*** Extracted entries ***
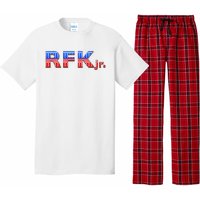 RFK Jr. for President 2024 Stars and Stripes Red White Blue Pajama Set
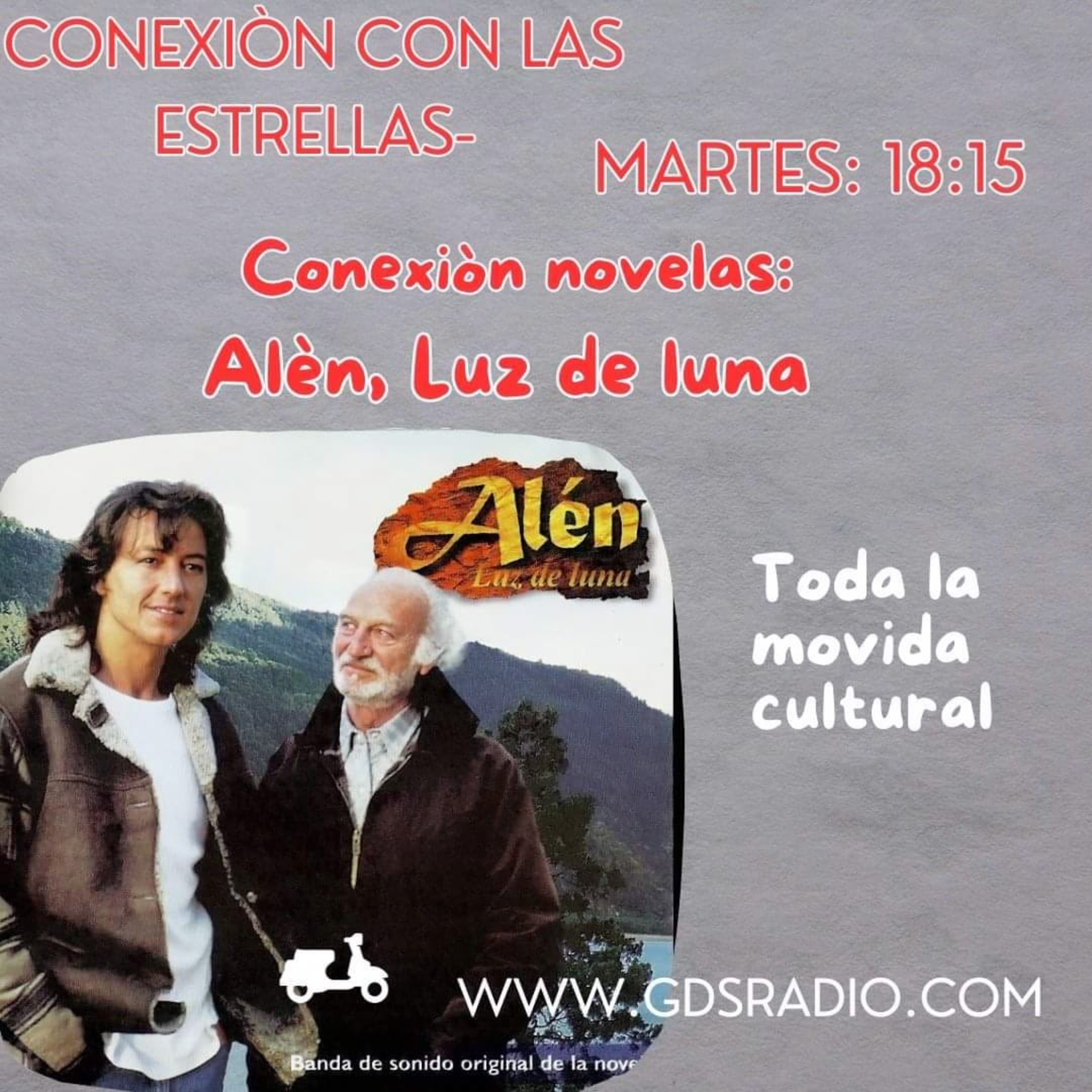 Conexión con las Estrellas 10 de octubre de 2023 episode artwork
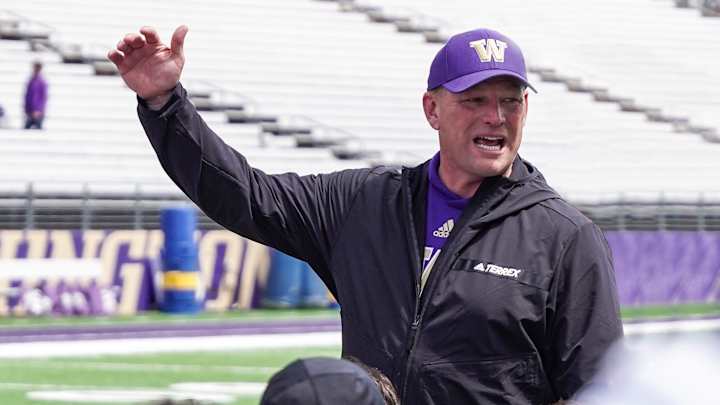 Breakthrough Team? Here's One Believer in DeBoer's Huskies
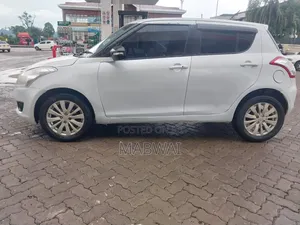 Suzuki Swift RS 2011 White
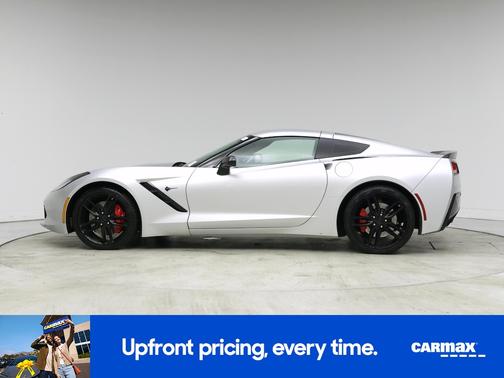 2019 Chevrolet Corvette Stingray  Z51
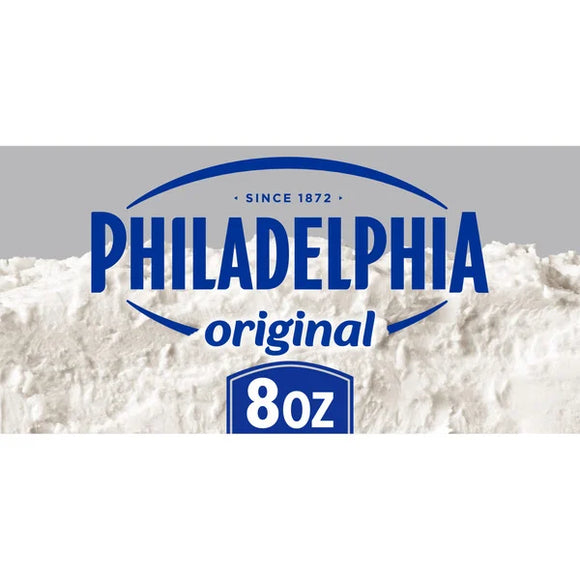 Philadelphia Original Cream Cheese 8oz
*** End of Extracted entries ***
▸ Work request:
The expected answer is the whole listing above, copied exactly, with images excluded.

▸ Solution to this exercise:
 RFK Jr. for President 2024 Stars and Stripes Red White Blue Pajama Set
 Conexión con las Estrellas 10 de octubre de 2023 episode artwork
 Breakthrough Team? Here's One Believer in DeBoer's Huskies
 Suzuki Swift RS 2011 White
 2019 Chevrolet Corvette Stingray  Z51
 Philadelphia Original Cream Cheese 8oz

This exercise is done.